Q: What is the importance of solving inequalities in real-life situations?

A: Solving inequalities is an important skill in many real-life situations, such as finance, economics, and engineering. For example, a company may want to know the maximum amount of money it can spend on a project, given a certain budget constraint. Solving inequalities can help the company determine the maximum amount of money it can spend.

Q: How do I check if an ordered pair satisfies a linear inequality?

A: To check if an ordered pair satisfies a linear inequality, you need to substitute the values of the variables into the inequality and check if the inequality is true.

Q: What is the difference between a linear inequality and a quadratic inequality?

A: A linear inequality is an inequality that can be written in the form $ax + by < c$, where $a$, $b$, and $c$ are constants. A quadratic inequality, on the other hand, is an inequality that can be written in the form $ax^2 + bx + c < 0$, where $a$, $b$, and $c$ are constants.

Q: How do I solve a quadratic inequality?

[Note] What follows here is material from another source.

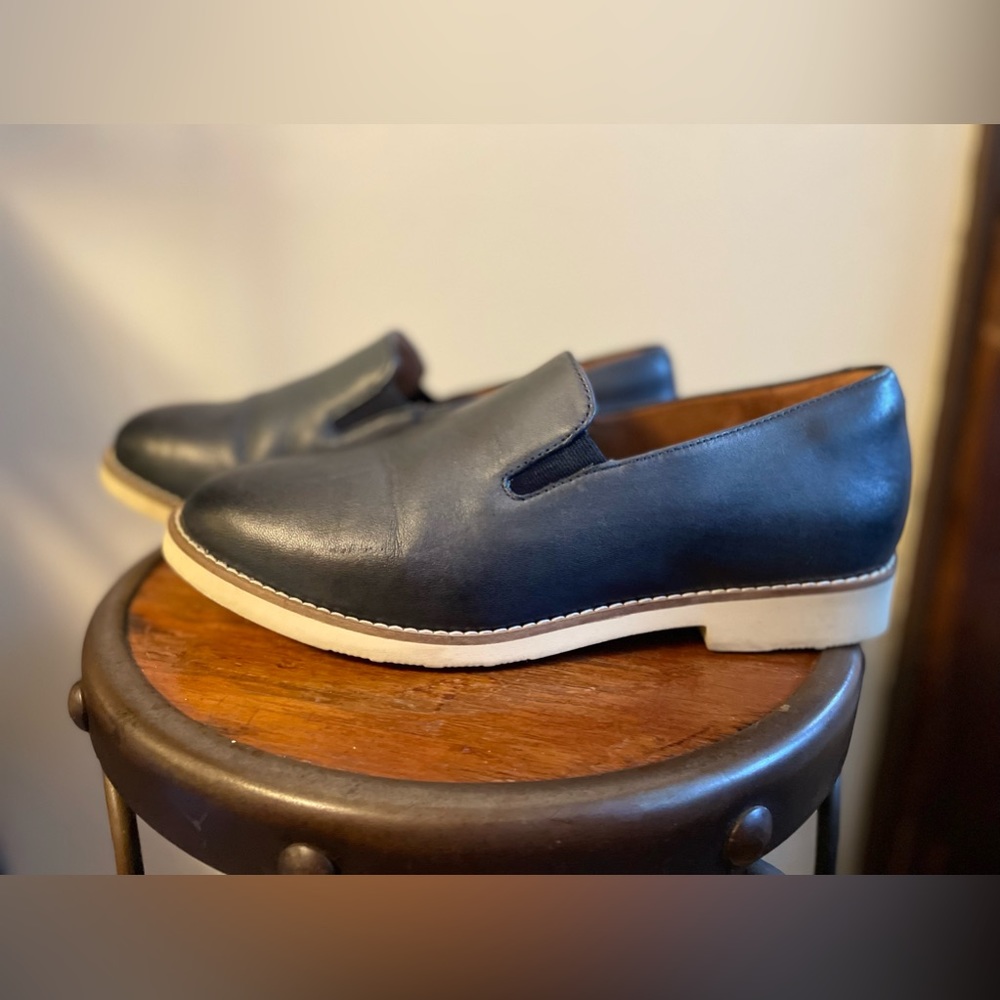 Soft Walk Whistle ll Navy Slip On Loafers. Size 9.5.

A: To solve a quadratic inequality, you need to find the values of the variable that satisfy the inequality. You can do this by factoring the quadratic expression and then using the sign of the expression to determine the values of the variable that satisfy the inequality.

Conclusion

In conclusion, solving inequalities is an important skill in mathematics and has many real-life applications. By understanding the concepts of linear and nonlinear inequalities, graphing inequalities, and solving systems of inequalities, you can develop a strong foundation in solving inequalities.

Final Answer

The final answer is: There is no final numerical answer to this article. The article is a Q&A guide to solving inequalities.